Hope is certainly at the heart of this book. Obama scorns those who insist we in the US live in “the worst of political times”; he goes on to list historical and geographical precedents that make us grateful for what we’ve got. Among the values Obama singles out as “typically” American are “a basic optimism about life and a faith in free will.” I remember even David Tennant saying that Americans seemed inherently more optimistic about everything; that I’m not sure about. But I do agree with some of the other values Obama highlights: the belief in individual freedom—something we as Americans may take for granted as it is so deeply ingrained in us. “We understand our liberty in a negative sense”—we are suspicious of those trying to regulate what we do in our private lives. Particularly relevant, in my opinion and in my life, are the values of “self-reliance, self-improvement, and risk taking . . . the values of drive, discipline, temperance, and hard work. The values of thrift and personal responsibility.” I’m curious, readers—do you agree? What values do you associate with Americans? What values, British readers, do you see as typically British?

J and I were having an interesting conversation about self-awareness, our own most prominent flaws and mistakes, and being better people. “Lack of empathy” came up, and I posited that lack of empathy had caused many of the largest problems in the world today and ever. Obama’s mother agreed: “How would that make you feel?” was her guidepost for raising him, and his guidepost (he says) for politics.

Among the policies Obama seems to want to have a hand at changing (and that I agreed with enough to write down!): “Over the last five years, [University] tuition has risen by 40 percent” (absurd! Also, he mentions social safety nets: Social Security has traditionally rested on 3 pillars: being able to have a job that pays the bills and allows for savings, a package of health and retirement benefits, and a government safety net.
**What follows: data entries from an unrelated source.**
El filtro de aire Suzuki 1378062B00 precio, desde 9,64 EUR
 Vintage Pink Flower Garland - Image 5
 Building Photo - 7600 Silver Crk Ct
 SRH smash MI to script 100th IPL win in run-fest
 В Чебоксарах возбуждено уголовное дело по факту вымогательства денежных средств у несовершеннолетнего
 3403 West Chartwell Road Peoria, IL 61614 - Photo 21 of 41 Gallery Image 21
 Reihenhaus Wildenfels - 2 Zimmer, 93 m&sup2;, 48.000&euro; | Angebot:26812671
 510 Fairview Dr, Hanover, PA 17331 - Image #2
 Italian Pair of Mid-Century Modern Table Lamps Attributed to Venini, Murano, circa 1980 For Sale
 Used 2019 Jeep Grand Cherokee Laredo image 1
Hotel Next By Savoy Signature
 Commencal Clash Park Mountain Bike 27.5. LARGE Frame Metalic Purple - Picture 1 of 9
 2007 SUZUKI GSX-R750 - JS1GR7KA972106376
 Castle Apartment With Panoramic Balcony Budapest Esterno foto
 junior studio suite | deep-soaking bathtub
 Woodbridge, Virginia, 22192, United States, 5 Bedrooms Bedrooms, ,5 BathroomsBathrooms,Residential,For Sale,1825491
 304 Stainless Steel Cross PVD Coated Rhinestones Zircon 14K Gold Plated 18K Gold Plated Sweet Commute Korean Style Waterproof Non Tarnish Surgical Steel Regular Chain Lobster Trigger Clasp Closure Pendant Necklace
When put that way, I was wrong to think for the past four years that Britain’s safety net was so novel—even before the national health care reform that has been rolling, Sisyphus-like, up the hill, we learned from the Great Depression not to leave Americans without some kind of respite. I also found interesting the way he faulted many conservatives for not trying to compromise on issues that violate their “moral values”: “They want a return to a bygone era” [without pre-marital sex or homosexuality].

The section on foreign policy was also interesting; Obama quoted John Quincy Adams that America should “not go abroad in search of monsters to destroy”; Theodore Roosevelt’s addendum to the Monroe Doctrine had become the Bush Doctrine, manifest destiny “a series of ad hoc decisions.” I think Obama did prove he could have more of a global perspective given the amount of traveling and living abroad he did even as a child (though not entirely voluntarily!).

If, like me, you spent much of the enjoyable Dear Fatty waiting for Dawn to get together with Lenny, you would be pleased by the end of Audacity, which picks up where Dreams From My Father left off: he meets Michelle, romances her, and marries her, yielding the memorable line: “I asked if I could kiss her. It tasted of chocolate.” I did really like what he had to say from the perspective, as it were, of the working woman. “But for the average American woman, the decision to work . . . is a matter of making ends meet.” I must be getting old: that’s something I’m thinking about more and more. With our gender roles having been incontrovertibly changed in the past hundred, fifty years, from what they were for hundreds of years, good things have certainly come about—but in some ways it’s put huge pressure on both men and women. I’m glad—and I admit I was surprised—Obama mentioned it specifically in the book.

I’ll admit I raced through the book as I had to give it back to the person who had lent it to me, but that was easily done as it was a good read and one I’d recommend to anyone.